The flexible inflatable body 40 can be made of a rubber-like material be, this material must be sufficiently elastic so that this material can expand under the influence of a pressure medium and thus this material in the essential can instantly return to its initial position when the pressure is drained. Such an elastic material can be used as the Inflatable body 40 is only exposed to the flow layer, which is relatively contains cold air and which flows adjacent to the rear of the hub 16.

In order to inflate the inflatable body 40 in a controllable manner, there is a line 50 is provided within the hub 16, which is connected to the inflatable body 40. the Line 50 is connected to a pressure medium source, for example with the exhaust air of the compressor of the gas generator 30. A two-way valve 51 is provided, which an optional control for the inflation and for the folding allowed. The valve 51 can be actuated directly by the pilot or can be automatic controlled by the fuel control system.

In order to be able to set and control and master the inflated shape of the inflatable body 40 and the size of the inflation, a number of reinforcement cables 52 are provided which extend in the circumferential direction of the inflatable body, as shown in FIG. 2 is shown. These reinforcement cables can be attached to the surface of the inflatable body. In a preferred embodiment, the reinforcement cables are embedded in the inflatable body 40. The reinforcement cables 52 are flexible and inelastic.

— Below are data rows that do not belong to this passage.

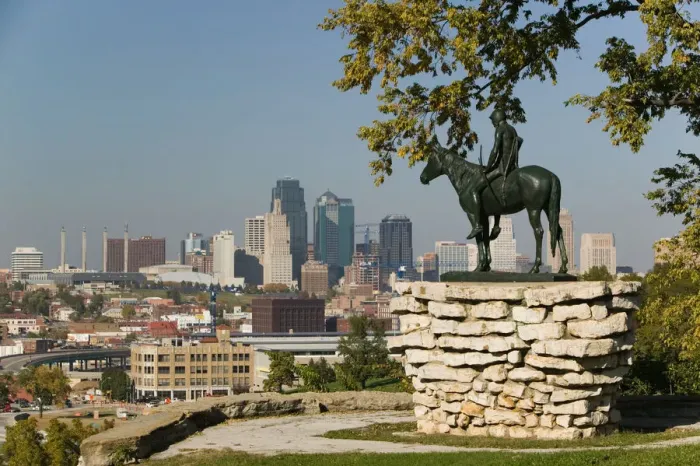 Framed Print : USA, Missouri, Kansas City, Penn Valley Park, statue of The Scout Framed Print : USA, Missouri, Kansas City, Penn Valley Park, statue of The Scout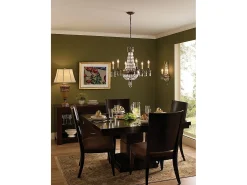 Lampadario Contemporaneo Bellini Acciaio Bronzo Ossidato Cristallo 6 Luci E14
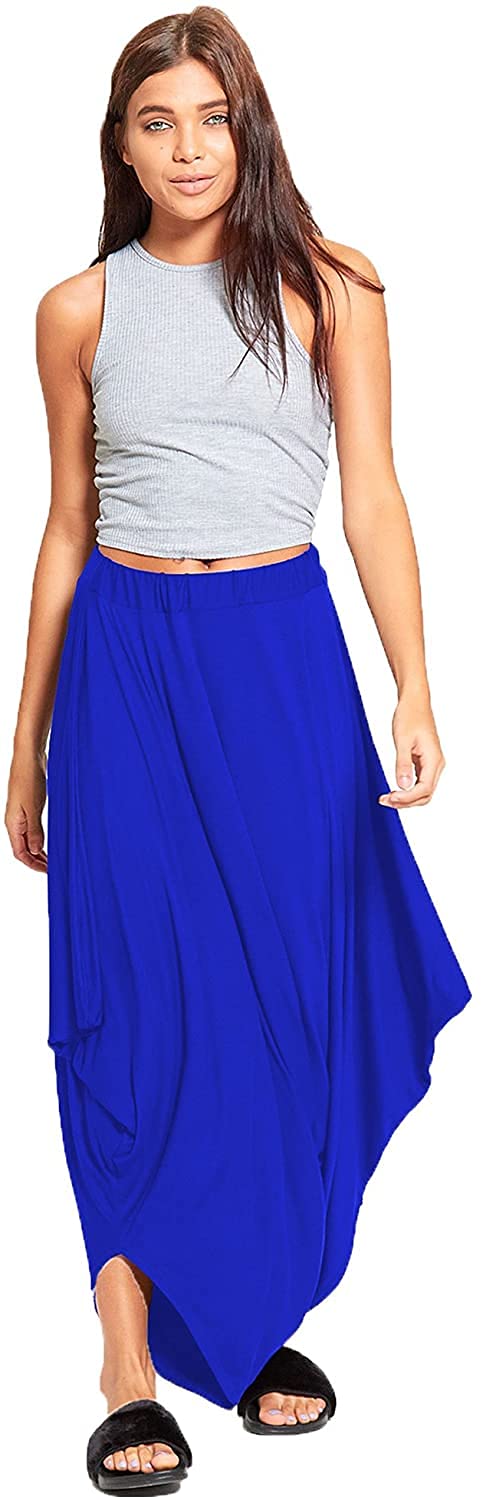Star Fashion Women's Royal Blue New Alibaba Lagenlook Gathenavy Draped Baggy Harem Pants Loose Stretchy Trousers/Royal Blue/Uk 8-14 (One Size)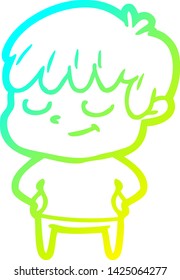 cold gradient line drawing of a cartoon happy boy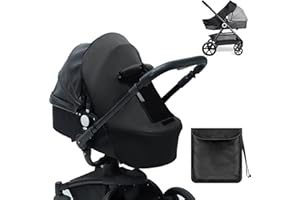 WINUOYANG Sun Shade for Pram, Universal Buggy Sunshade Pram Shade Cover with Viewing Window UV Protection Blackout Blind for Baby Prams, Pushchairs and Stroller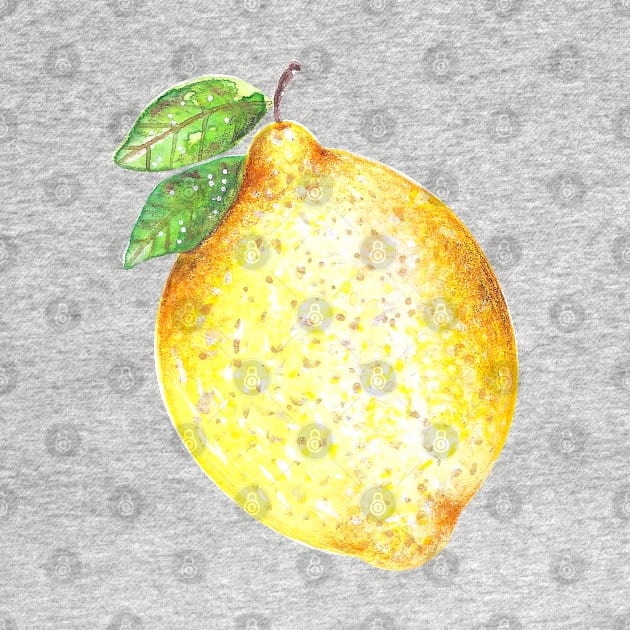 Watercolor Lemon Pattern on White by Neginmf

As a result, the reinforcement cables 52 assume the serpentine shapes shown in FIG. 2 are shown when the inflatable body is collapsed. The inflatable body 40 can be expanded until the reinforcement cables 52 are tensioned and the values shown in FIG. 3 assume the position shown. The reinforcement cables 52 have unequal lengths or, in other words, when the inflatable body 40 is completely inflated and when each of the cables 52 is tensioned, the circumferential lengths of the reinforcement cables are unequal. By properly choosing the lengths of the various reinforcement cables 52 , any desired aerodynamic shape of the inflated inflatable body 40 can be obtained.

F i g. 4 shows another arrangement of the reinforcement cables 52 '. The reinforcement cables 52, which instead of extending in the circumferential direction of the inflatable body 40 'in the axial direction of the inflatable body, assume serpentine shapes when the inflatable body 40' is relaxed or collapsed. The reinforcement cables 52 'are fully extended when the inflatable body, as shown in FIG. 5 is inflated. In practice, the reinforcement cables 52 and the axial cables 52 'can be used in combination.

Claims (5)

Claims: 1. Jet engine thrust nozzle with variable Cross-section with at least one annular inflatable body on one of the nozzle forming the nozzle Part that changes the nozzle cross-section when it is inflated, d u r c h g e k e n n -z e i c h n e t that with the nozzle cross-section changing wall of the Inflatable body (40) reinforcement cables (52, 52 ') are connected in such a way that different Wall sections are inflatable in different end positions. 2. Nozzle according to claim 1, characterized in that the reinforcement cable (52) in the circumferential direction of the Inflatable bodies run and different, from the ends of the inflatable body to the center have increasing lengths. 3. Nozzle according to claim 1, characterized in that that the reinforcement cables (52 ') run in the axial direction of the inflatable body and have the same lengths and that increasing from the ends of the inflatable body towards the center more units of length of the reinforcement cables (52) of a unit of length of the inflatable body wall assigned. 4. Nozzle according to one of claims 1 to 3, characterized in that that the reinforcement cables (52, 52 ') are embedded in the wall of the inflatable body. 5. Nozzle according to one of claims 1 to 4, characterized in that the reinforcement cables are inelastic and flexible. Documents considered: German Patent No. 860 754; German Auslegeschrift No. 1 148 819; French Patent No. 1069 052; British Patent No. 834,800; U.S. Patent Nos. 3,060,679, 2,763,426, 2,737,019, 2,570,629.